_TASK PROMPT_
Return exactly the span of lines in the following data that opens with the line containing "12. Silver Art" and closes with the line containing "Kitchen with stainless". Include nothing else.

_MATERIAL SUPPLIED_
▼

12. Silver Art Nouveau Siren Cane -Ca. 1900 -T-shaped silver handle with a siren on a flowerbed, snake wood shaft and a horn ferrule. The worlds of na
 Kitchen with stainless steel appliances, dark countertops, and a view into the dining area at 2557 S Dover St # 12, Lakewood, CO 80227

▲
▼

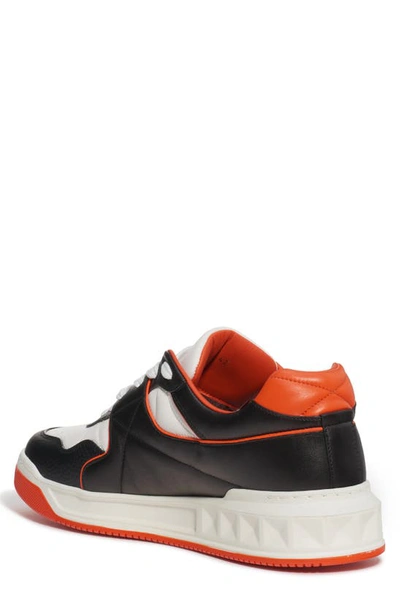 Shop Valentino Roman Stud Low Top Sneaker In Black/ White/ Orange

▲
▼

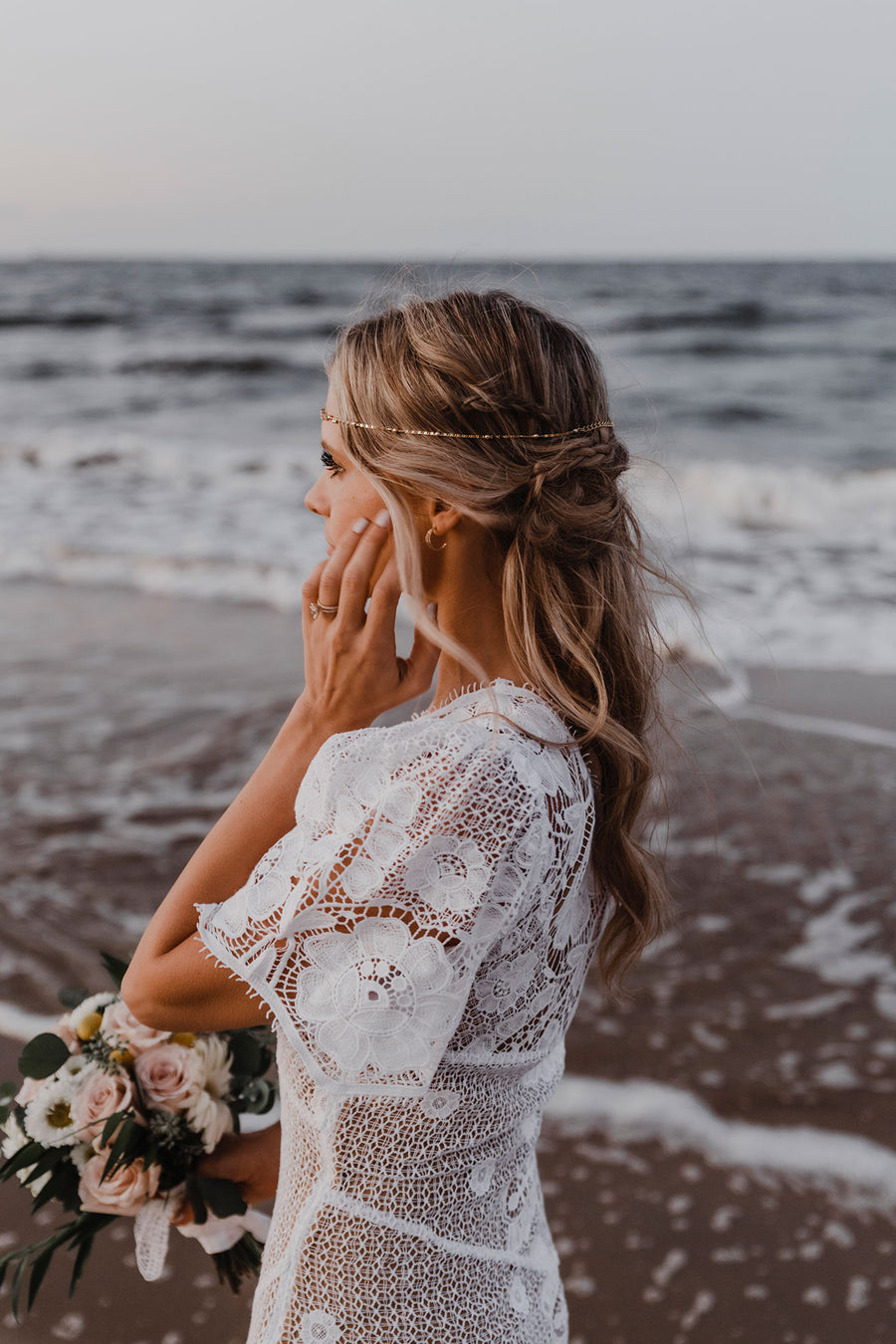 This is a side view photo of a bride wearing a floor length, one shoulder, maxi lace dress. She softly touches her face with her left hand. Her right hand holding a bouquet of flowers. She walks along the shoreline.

▲

_EXERCISE SOLUTION_
12. Silver Art Nouveau Siren Cane -Ca. 1900 -T-shaped silver handle with a siren on a flowerbed, snake wood shaft and a horn ferrule. The worlds of na
 Kitchen with stainless steel appliances, dark countertops, and a view into the dining area at 2557 S Dover St # 12, Lakewood, CO 80227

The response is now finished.